Foto: Bruno Takahashi

47 languages out of 49 that are used in Peru are indigenous. However, due to mass migration from countryside to cities, discrimination and lack of opportunities to exercise full citizenship speaking an indigenous language, among other reasons, some parents prefer not to transmit their mother language to their children. In extreme cases, this linguistic conflict has led to a situation in which Spanish-speaking children can’t communicate with their monolingual grandparents that speak native languages. In addition to affecting family and community ties and accelerating resignation of one’s ethnic identity, the intergenerational transmission of ancestral knowledge and worldviews that are codified in these languages is being threatened.
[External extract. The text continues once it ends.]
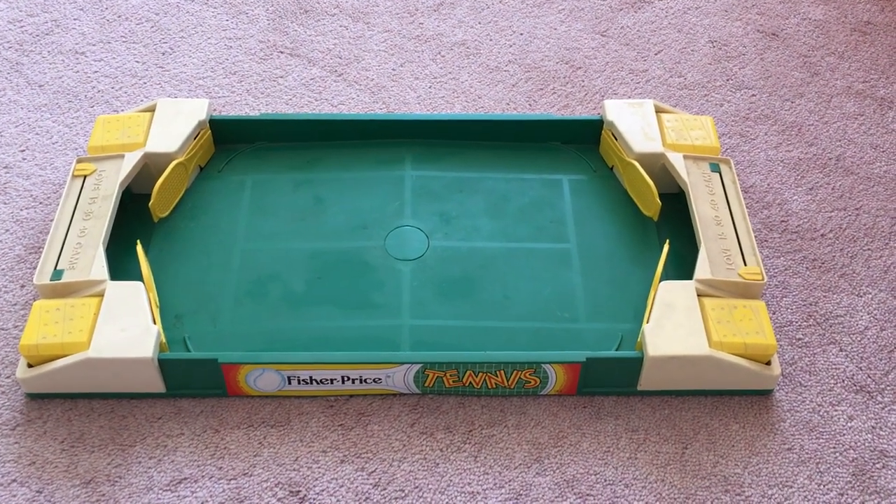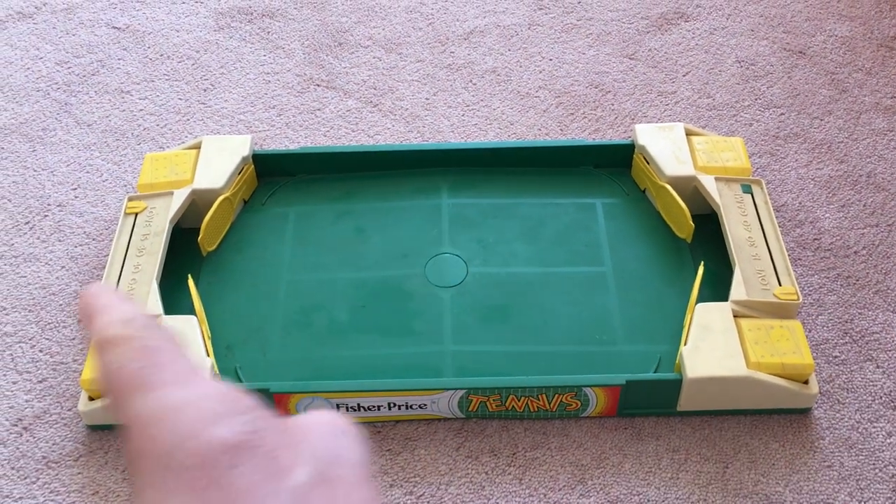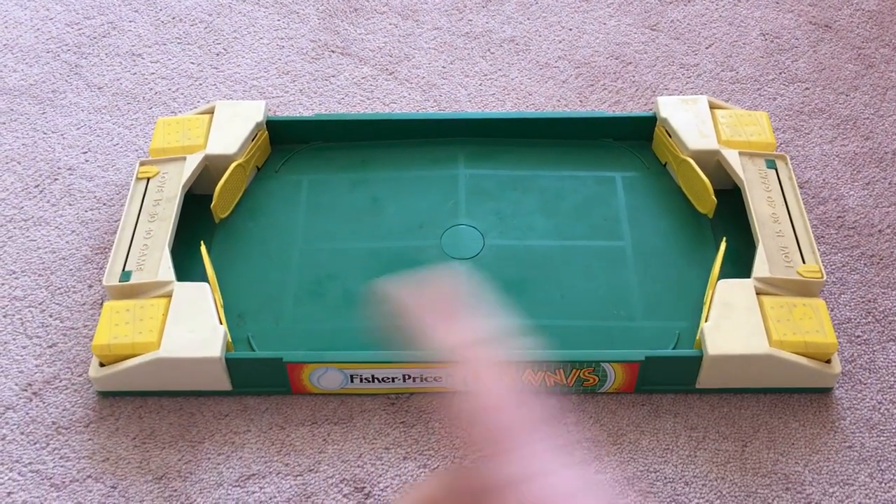Here's a look at the old Fisher-Price tennis game. One player would sit over here, one player would sit over here, and a ball would go back and forth.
Even though, at global level, the bilingualism and multilingualism are more common than monolingualism, in the Peruvian context, there is a lingering ideology that places the bilingual speaker of Spanish and an indigenous language in a position of inferiority. It is thought that indigenous languages are not compatible with speaking Spanish “correctly” or learning English or another foreign language, in other words, it is necessary to reject the indigenous language in order to learn another that has more social prestige.

In a study supported by CHIRAPAQ that was carried out in the city of Ayacucho in the Peruvian highlands, a group of indigenous bilingual youth was interviewed about the sociolinguistic reality and the use and the importance of Quechua language. In their commentaries, the youngsters represent the Quechua as a language that is more expressive and poetic than Spanish and they associate it with their family, communities and friends as well as the values attributed to these groups such as fraternity, collectivity, trust and nostalgia.

The study participants stated that they use Quechua more constantly in domains of familiar and intimate communication such as their communities, home and the indigenous organization. In the urban bilingual context, Quechua is used mainly to strengthen interpersonal ties and it is used in expressive, symbolic and identity practices such as greetings, insults, jokes and flirting. Even though the youngsters tell that Quechua is spoken sometimes in public domains such as university, work, civil society meetings and social networks, they point out constantly that in these spaces there are people that discriminate and others that don’t speak because they are ashamed of Quechua.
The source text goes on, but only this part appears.